You can see the results in the console by removing the `write_property` argument.

In [None]:
from nx_neptune import NeptuneGraph, set_config_graph_id

config = set_config_graph_id(graph["id"])
na_graph = NeptuneGraph.from_config(config)

# sanity check: print out 10 vertices and edges from the Neptune Analytics graph
ALL_NODES = "MATCH (n) RETURN n LIMIT 10"
all_nodes = na_graph.execute_call(ALL_NODES)
print(f"all nodes: {all_nodes}")

ALL_EDGES = "MATCH ()-[r]-() RETURN r LIMIT 10"
all_edges = na_graph.execute_call(ALL_EDGES)
print(f"all edges: {all_edges}")

In [None]:
import networkx as nx

nx.config.backends.neptune.graph_id = graph["id"]

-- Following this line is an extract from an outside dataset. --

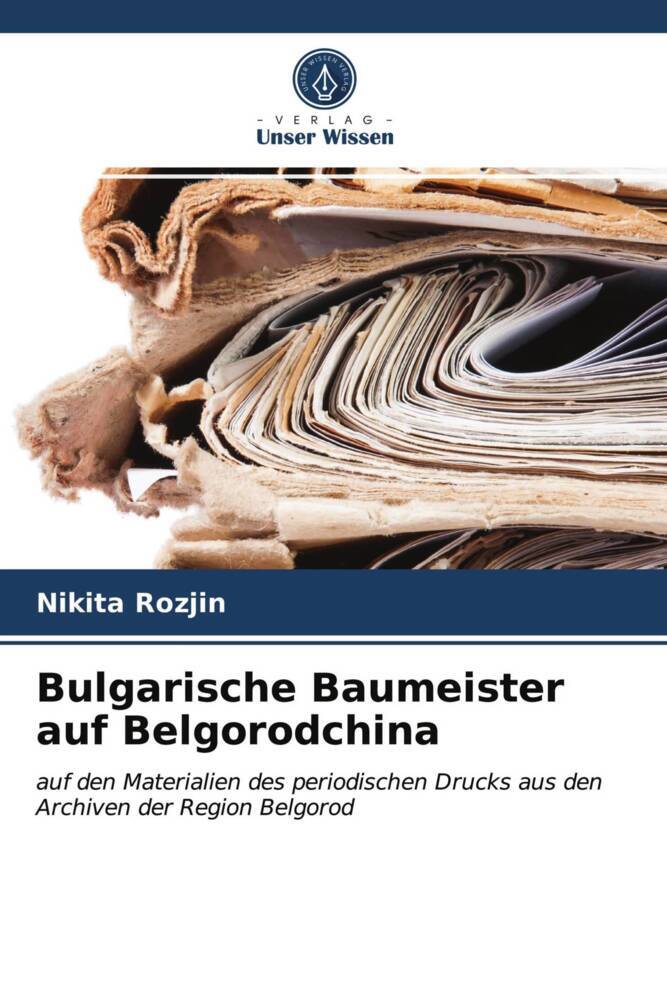 Bulgarische Baumeister auf Belgorodchina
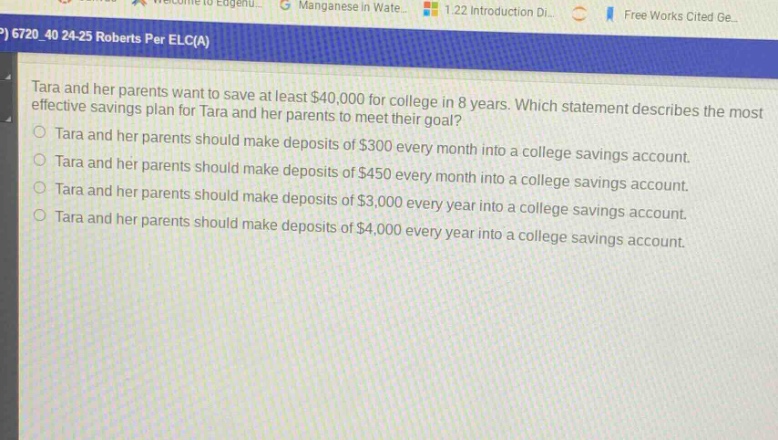 tara and her parents want to save at least $40,000 for college in 8 years. which statement describes the most effective savings plan for tara and her parents to meet their goal?\ntara and her parents should make deposits of $300 every month into a college savings account.\ntara and her parents should make deposits of $450 every month into a college savings account.\ntara and her parents should make deposits of $3,000 every year into a college savings account.\ntara and her parents should make deposits of $4,000 every year into a college savings account.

# using Neptune Analytics, run the Louvain Community Detection Algorithm and mutate
# the graph storing the results of the vertex community in the "community" property
result = nx.community.louvain_communities(nx.Graph(), backend="neptune", write_property="community")
print(f"louvain result: \n{result}")


## Export the Neptune Analytics data and add it to S3 Tables as an Iceberg table

Export the Neptune Analytics graph and a CSV export, and convert it to Iceberg format.  Use Athena to add it to S3 Tables Bucket.

In [None]:
# for the CSV table
csv_catalog = 'AwsDataCatalog'
csv_database = 'bank_fraud_full'
csv_table_name = 'transactions_csv'

# for the iceberg table
iceberg_vertices_table_name = 'customers_updated'
iceberg_edges_table_name = 'transactions_updated'
iceberg_catalog = 's3tablescatalog/nx-fraud-detection-data'
iceberg_database = 'bank_fraud_full'

await session.export_to_table(
    graph["id"],
    s3_location_export,
    csv_table_name,
    csv_catalog,
    csv_database,
    iceberg_vertices_table_name,
    iceberg_edges_table_name,
    iceberg_catalog,
    iceberg_database
)

## Conclusion

This notebook demonstrated the complete lifecycle of running analytics from a datalake projection into Neptune Analytics instance:

1. **Creation**: We created a new Neptune Analytics instance on demand
2. **Import**: We imported a projection of the datalake
3. **Usage**: We ran graph algorithms (Louvain) on the instance and mutated the data
4. **Deletion**: We exported the updated data back into the datalake into an iceberg table

The session manager (`SessionManager`) provides an easy mechanism to execute general datalake functionality.